Is there a way out of the political crisis in Peru?

When the Vice President of Peru, Dina Boluarte, assumed the Presidency to replace Pedro Castillo, it was expected that there would be months of tranquility. Congress even approved a law reducing her mandate by bringing forward elections to April 2024. However, within a few days, mobilizations flooded the streets almost all over the country to protest against the measures, which were considered insufficient.

So far, the protests have resulted in at least 46 citizens killed by the security forces, while exercising their right to demonstrate and to demand the closure of the Congress of the Republic, the convocation of a Constituent Assembly, and the resignation of Boluarte. To this day, the violence has done nothing to calm down the political atmosphere.

On the other hand, the far-right groups that dominate the Congress of the Republic and that have declared themselves “victorious” due to the departure of Pedro Castillo are trying to pave the way – at any cost – to guarantee their victory in the next electoral battle that has been called for April 2024.

The indignation, however, is amplified, due to the fact that groups of congressmen began to look for a way to legalize their reelection. Although it is true that this proposal is still valid in a normalized environment, at present, altering the rules of the electoral process for one’s own benefit is a provocation.

Furthermore, these groups have presented a bill that intends to diminish and substitute the mandate of the current electoral authorities. Although in the last electoral dispute, they acted in an impartial and transparent manner, these congressmen say that they favored Castillo’s election.

At the same time, these ultra-right groups intend to disqualify potential candidates for the next election, however, based on the modality of constitutional complaints, as is the case of former presidents Martin Vizcarra and Francisco Sagasti. Such denunciations were presented and, subsequently, may be approved by these groups.

If the Congress considered that it had control of the political agenda by April 2024, the social movements, basically regional (more organized in the south of the country), want to change a backward position due to the power vacuum left by Castillo and the political defeat of the Peru Libre Party, the main organization that supported the former president.

In order to contain these movements and as a consequence of the violence, the right-wing sectors aspire to impose an agenda that ignores the legitimate aspirations of those demonstrating in the streets (meanwhile, the movements are growing up and could bring down President Boluarte herself).

The intolerance and racism against the regions of those who dominate Congress have led them to accuse the demonstrators of being “terrorists”. In this way, they openly and shamelessly justify the physical elimination of the victims and selectively overestimate the radicalism of some of the demonstrators in order to confront them all with greater violence.

For her part, the president, who was part of the group of Pedro Castillo and Vladimir Cerron (head of Peru Libre), had the option of turning her position of weakness (without support in Congress) into one of strength.
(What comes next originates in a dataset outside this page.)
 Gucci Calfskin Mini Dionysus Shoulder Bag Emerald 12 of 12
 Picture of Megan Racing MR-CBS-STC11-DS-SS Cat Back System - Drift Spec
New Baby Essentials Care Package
She could have imposed conditions on Congress when she took office, or she could have promoted a broad agenda on the debate of calling – or not – a Constituent Assembly that could be decided in April 2024. However, she opted for a different path.
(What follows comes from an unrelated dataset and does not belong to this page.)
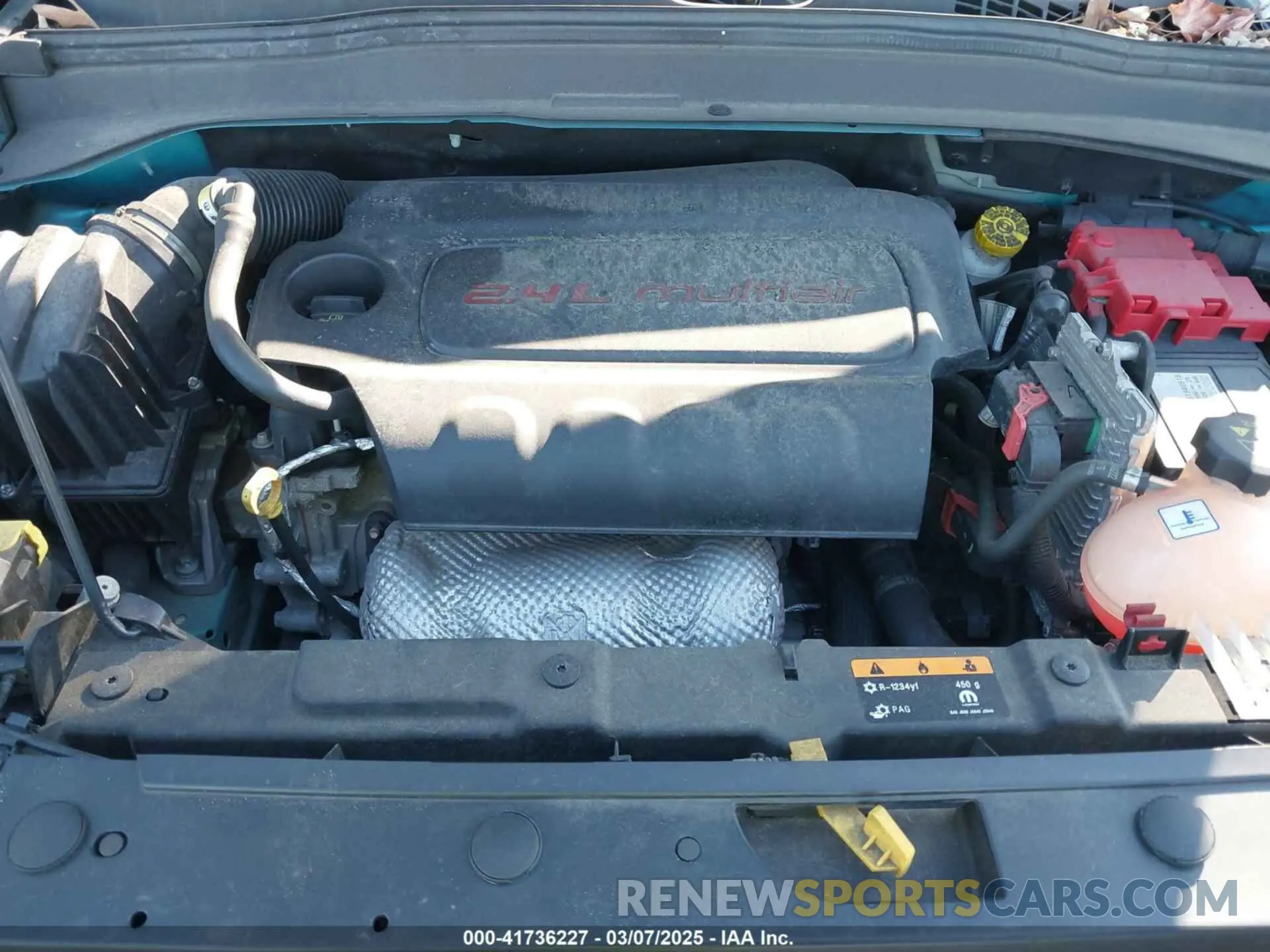 10 Photograph of a damaged car ZACNJBBBXLPL98746 JEEP RENEGADE 2020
The president preferred to ensure her permanence in power, but without capacity or influence, and assumed the discourse and actions of the far-right groups. Today Boluarte assumes responsibility for the tragic episodes in which in the first case 28 people died in different regions of the country, then another 17 in the city of Juliaca, and one in Cusco. In spite of the excessive violence, it has not contributed to appeasing the indignation of the citizens.
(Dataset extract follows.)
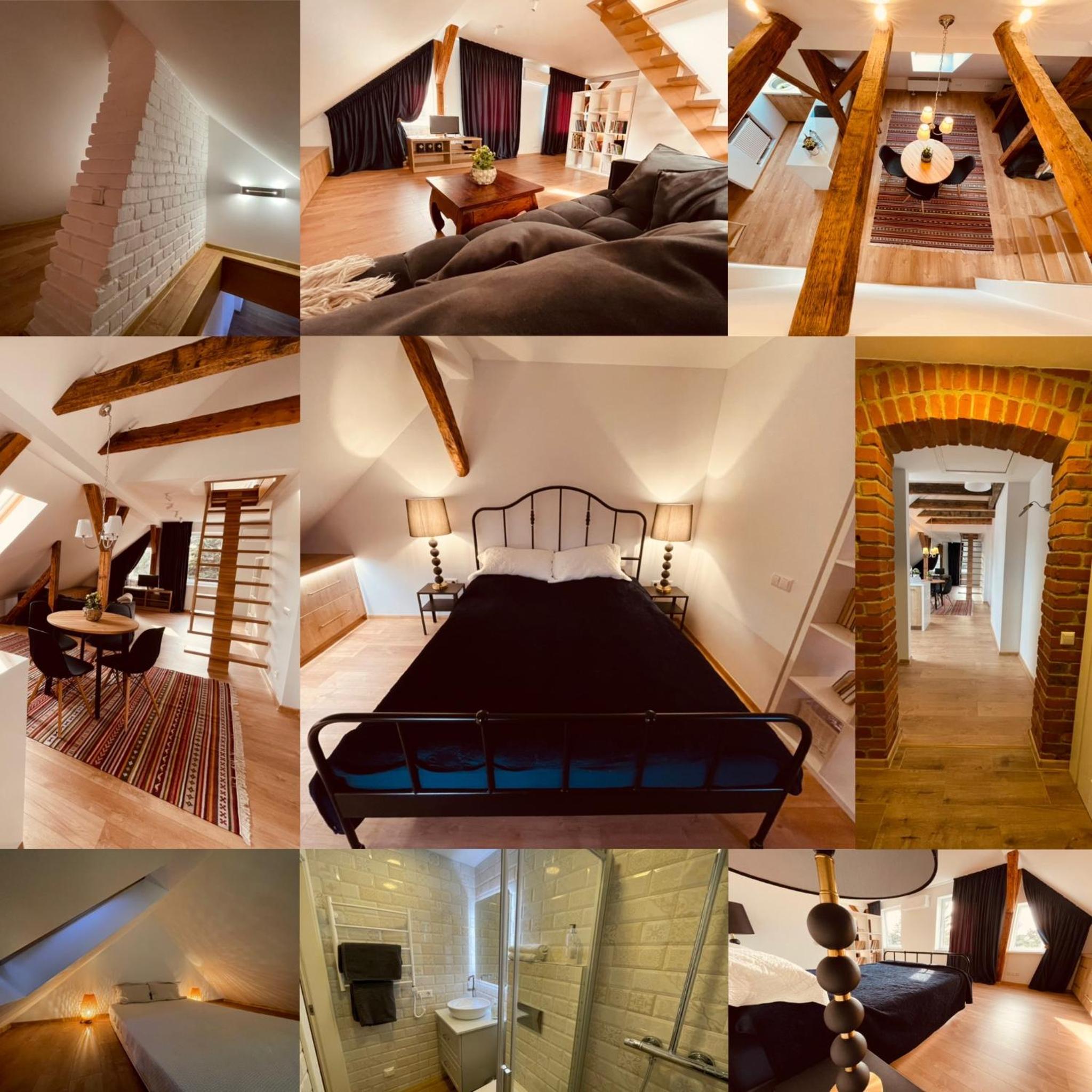 Studija Pusė Devynių, Self check-in, Big apartment, Free parking view 3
The anti-democratic and intransigent attitude of the right-wing sectors does not even contemplate the debate on the need to elaborate – or not – a new Constitution, much less allow Peruvians to decide on its continuity – or not – in a referendum. They resist substantial changes in the very institutional design that gives rise to instability and conflict and continue to impose criteria of legality over those of legitimacy, given that the latter does not reflect the results of a social pact. Let us remember that the 1993 Constitution, in addition to being imposed, was approved by means of a referendum marked by fraud.

Regardless of the evaluation of Castillo’s government and the questionable attempt to break the constitutional order, his preventive imprisonment could be lifted as a form of amnesty, since the attempt had no objective consequences, and his freedom would not imply risks to society, which would allow, in turn, his asylum in Mexico. This solution would contribute to attenuating the tensions due to the frustration of his voters who witnessed the permanent actions to make his government unviable.

The road back to normality is full of difficulties. In fact, for Prime Minister Alberto Otárola, who recently received the confidence of the Congress, it was more important to protect the capital from the contagion of the protests (to do so, he relegated the regional demands) than to promote unity and dialogue, which was what was expected. Based on his harmony with Congress, Otárola has become the prime minister with the highest approval among parliamentarians, despite being politically responsible for the massacres in the country.

The violation of human rights that the country has suffered during the last few days should invite all political actors to greater consideration. Discussing a new political and social pact is undoubtedly the way to strengthen Peruvian society and its democracy. Avoiding it will make Peru an invisible country.